Exercise input:
◇ ◇ ◇ ◇ ◇ ◇ ◇

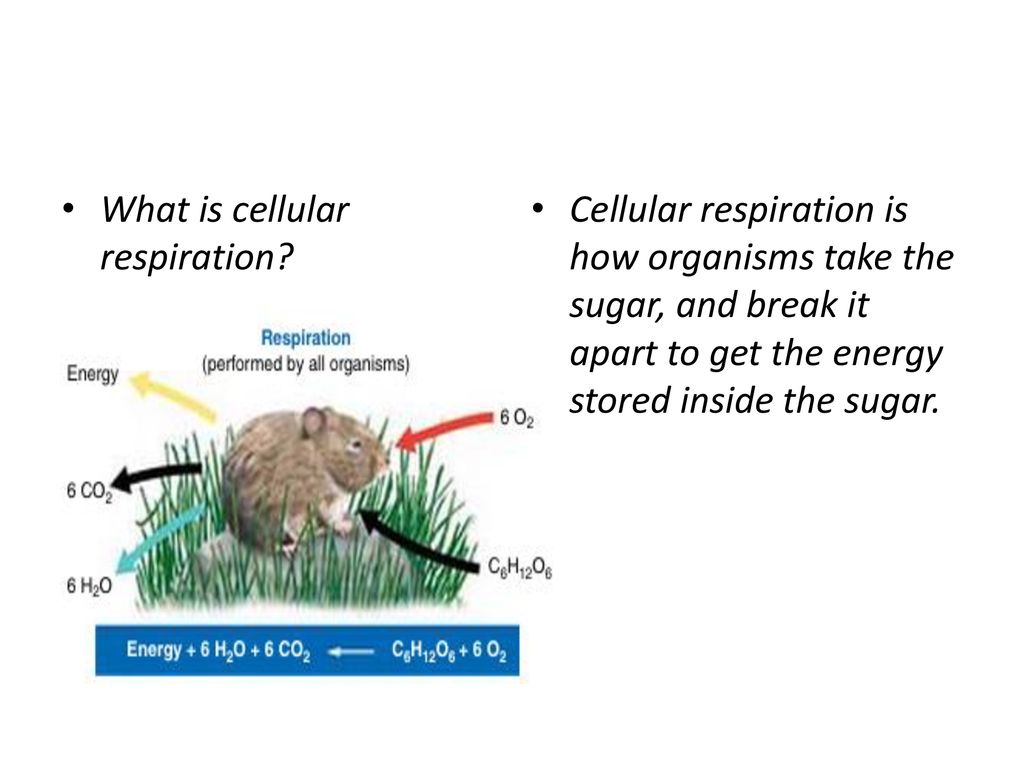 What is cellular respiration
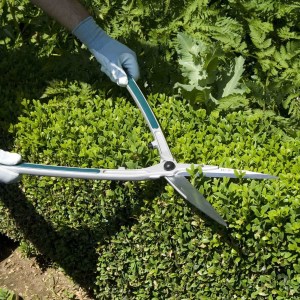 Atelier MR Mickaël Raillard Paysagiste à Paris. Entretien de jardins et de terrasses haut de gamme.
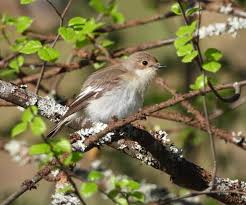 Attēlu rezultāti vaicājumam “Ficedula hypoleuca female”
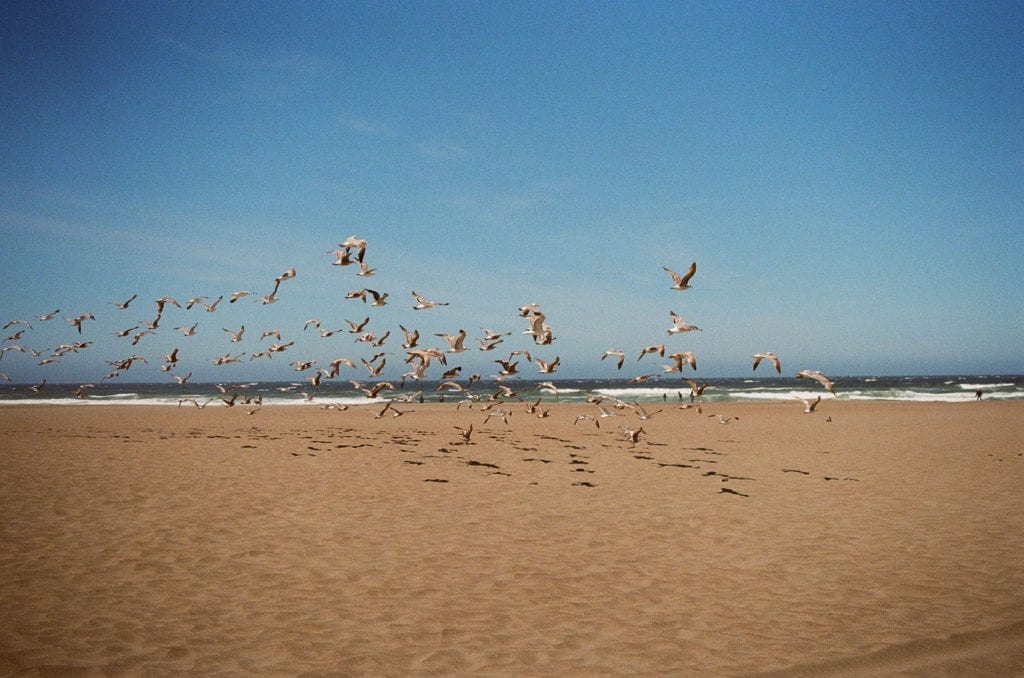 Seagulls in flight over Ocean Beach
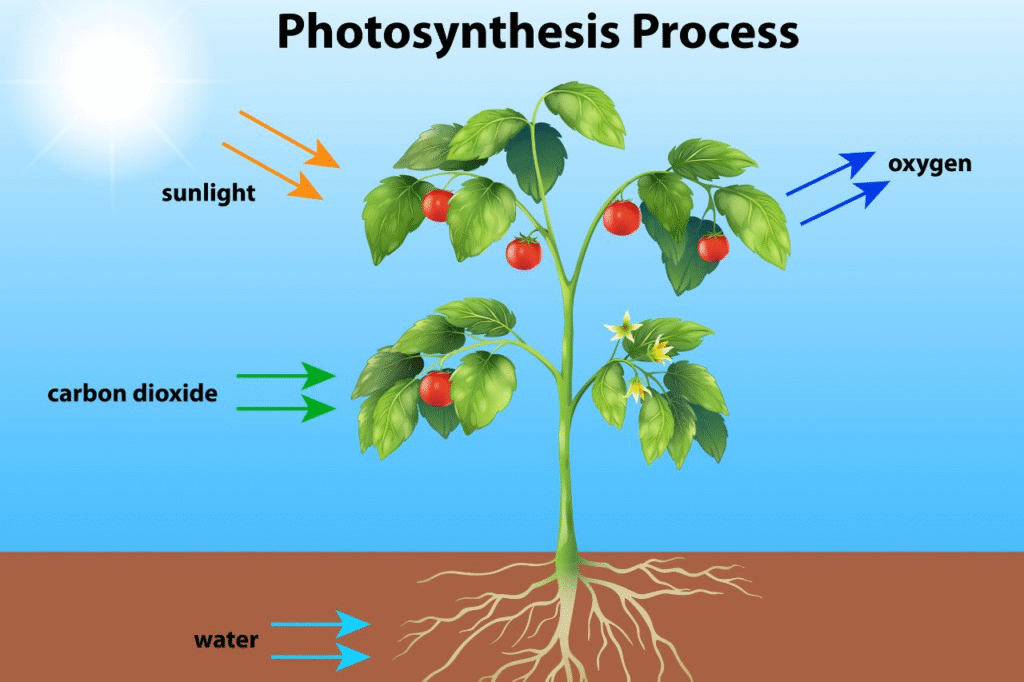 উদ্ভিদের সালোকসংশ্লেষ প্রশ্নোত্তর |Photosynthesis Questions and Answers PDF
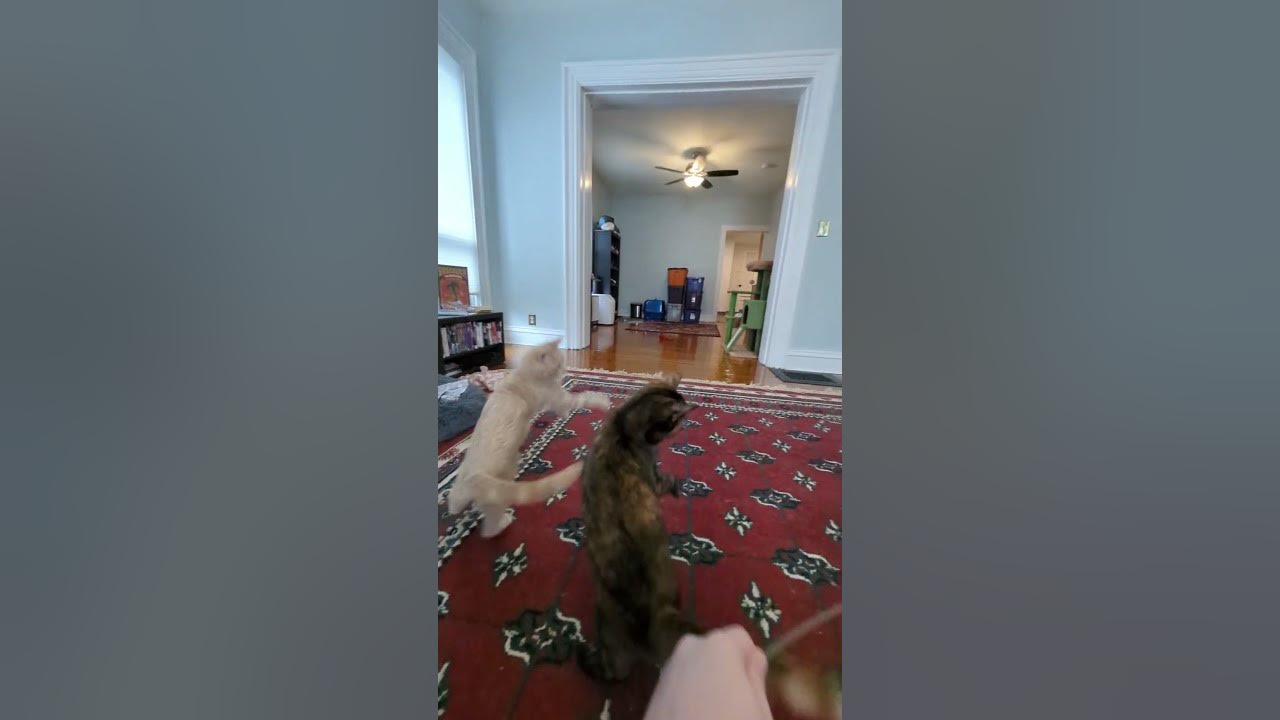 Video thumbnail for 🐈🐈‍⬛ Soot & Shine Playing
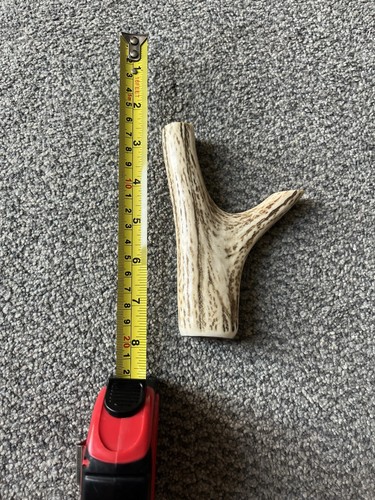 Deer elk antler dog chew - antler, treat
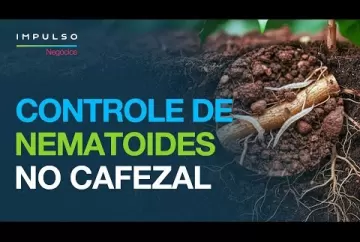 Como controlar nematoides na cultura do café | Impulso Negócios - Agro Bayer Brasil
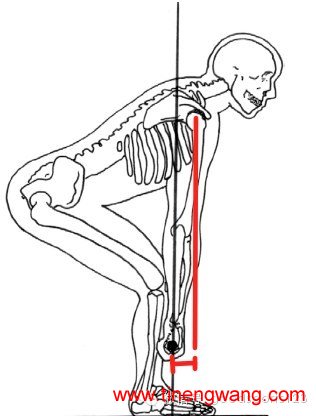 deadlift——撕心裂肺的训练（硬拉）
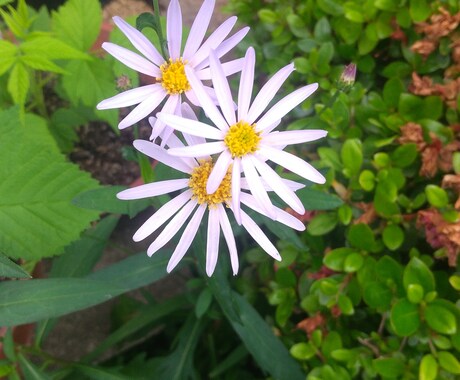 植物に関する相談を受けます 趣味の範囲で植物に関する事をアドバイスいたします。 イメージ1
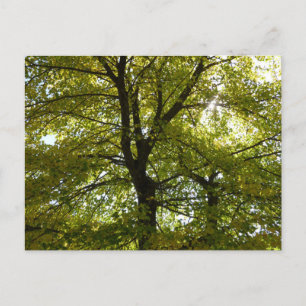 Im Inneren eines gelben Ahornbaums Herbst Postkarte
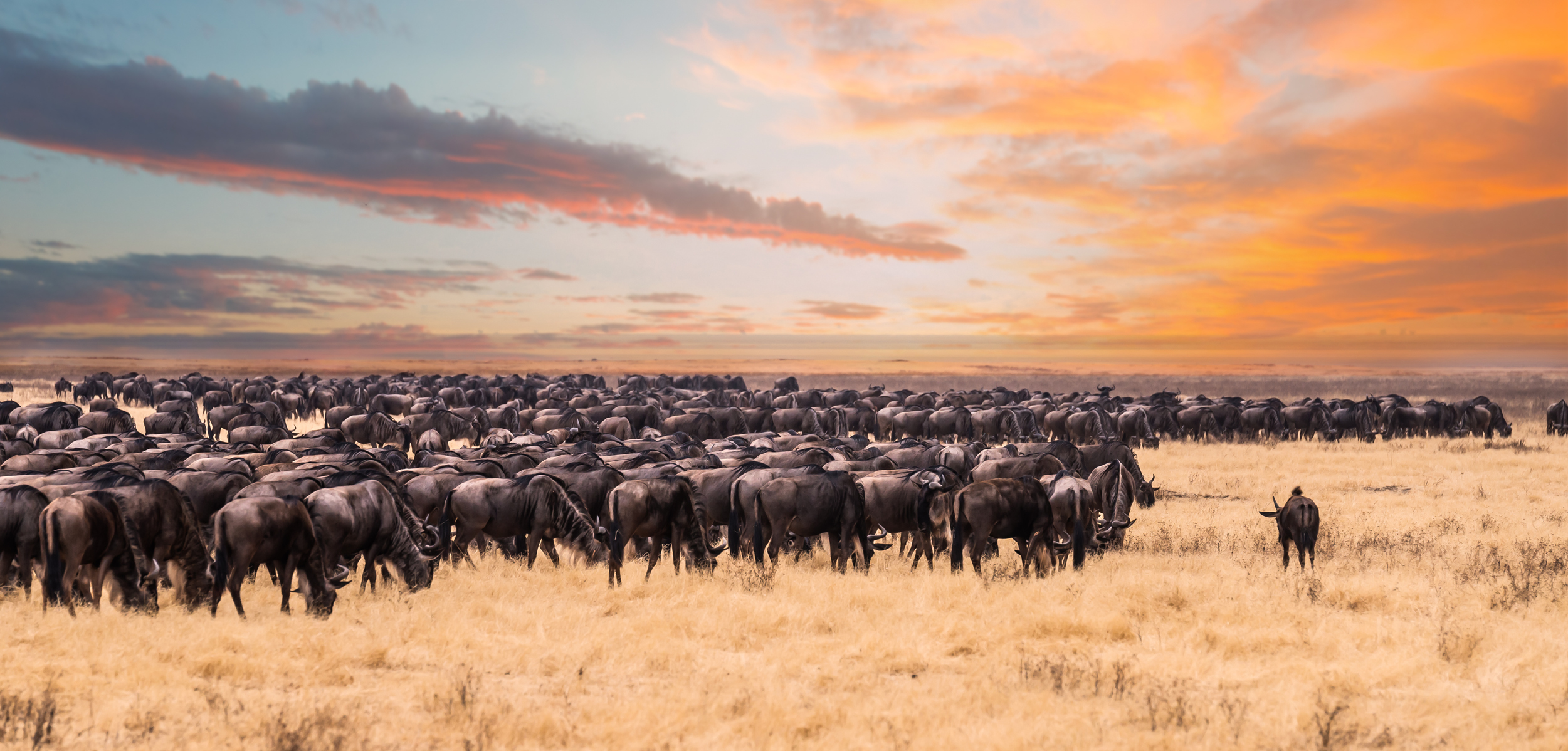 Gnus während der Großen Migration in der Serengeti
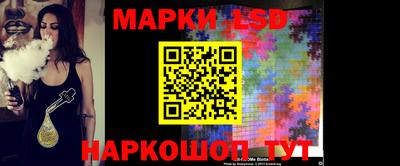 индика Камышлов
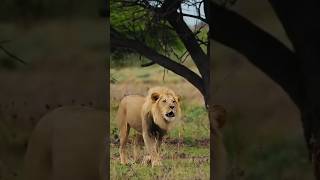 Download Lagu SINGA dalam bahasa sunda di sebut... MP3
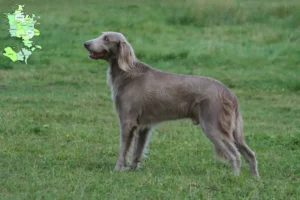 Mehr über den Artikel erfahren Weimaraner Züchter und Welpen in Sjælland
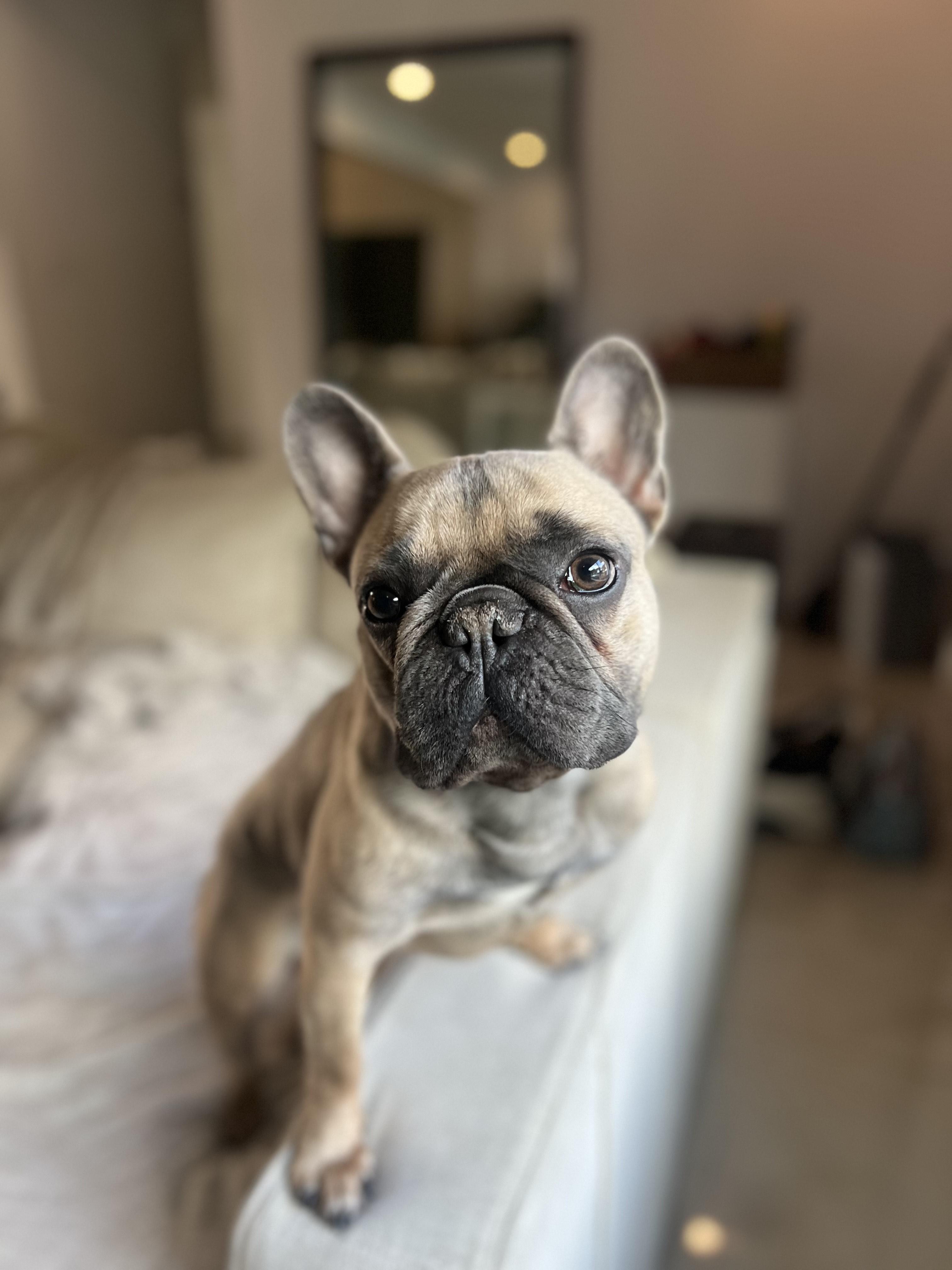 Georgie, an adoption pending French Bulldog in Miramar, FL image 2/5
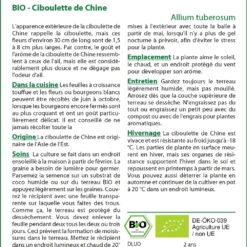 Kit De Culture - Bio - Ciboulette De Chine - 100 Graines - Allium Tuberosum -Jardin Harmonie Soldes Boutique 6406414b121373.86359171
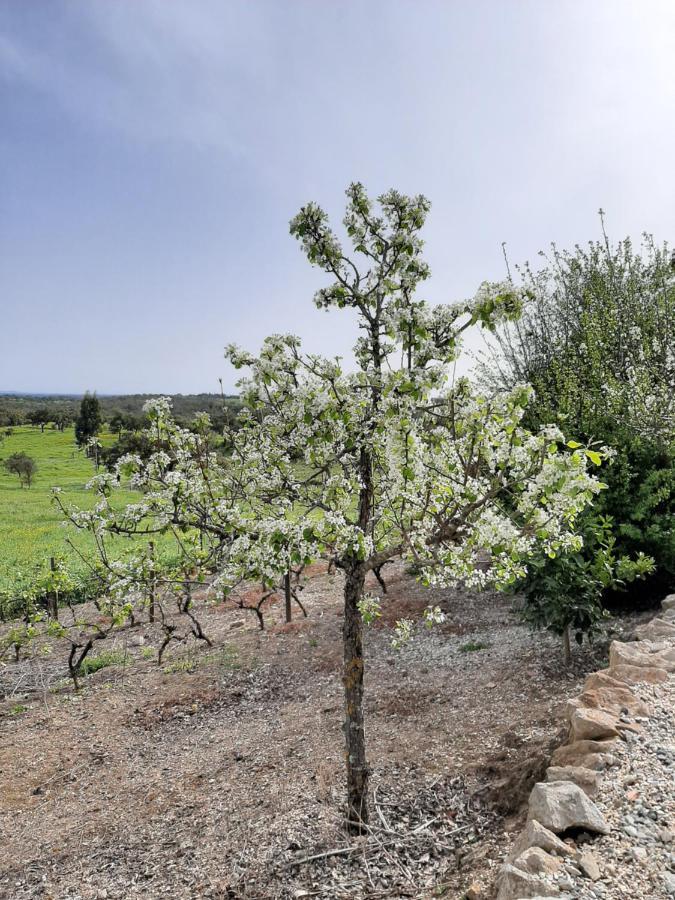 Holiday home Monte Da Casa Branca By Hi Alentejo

◇ ◇ ◇ ◇ ◇ ◇ ◇

Work task: Reproduce the listing word for word, but keep the pictures out of it.

Your solution:
 What is cellular respiration
 Atelier MR Mickaël Raillard Paysagiste à Paris. Entretien de jardins et de terrasses haut de gamme.
 Attēlu rezultāti vaicājumam “Ficedula hypoleuca female”
 Seagulls in flight over Ocean Beach
 উদ্ভিদের সালোকসংশ্লেষ প্রশ্নোত্তর |Photosynthesis Questions and Answers PDF
 Video thumbnail for 🐈🐈‍⬛ Soot & Shine Playing
 Deer elk antler dog chew - antler, treat
 Como controlar nematoides na cultura do café | Impulso Negócios - Agro Bayer Brasil
 deadlift——撕心裂肺的训练（硬拉）
 植物に関する相談を受けます 趣味の範囲で植物に関する事をアドバイスいたします。 イメージ1
 Im Inneren eines gelben Ahornbaums Herbst Postkarte
 Gnus während der Großen Migration in der Serengeti
 индика Камышлов
 Download Lagu SINGA dalam bahasa sunda di sebut... MP3
 Mehr über den Artikel erfahren Weimaraner Züchter und Welpen in Sjælland
 Georgie, an adoption pending French Bulldog in Miramar, FL image 2/5
 Kit De Culture - Bio - Ciboulette De Chine - 100 Graines - Allium Tuberosum -Jardin Harmonie Soldes Boutique 6406414b121373.86359171
 Holiday home Monte Da Casa Branca By Hi Alentejo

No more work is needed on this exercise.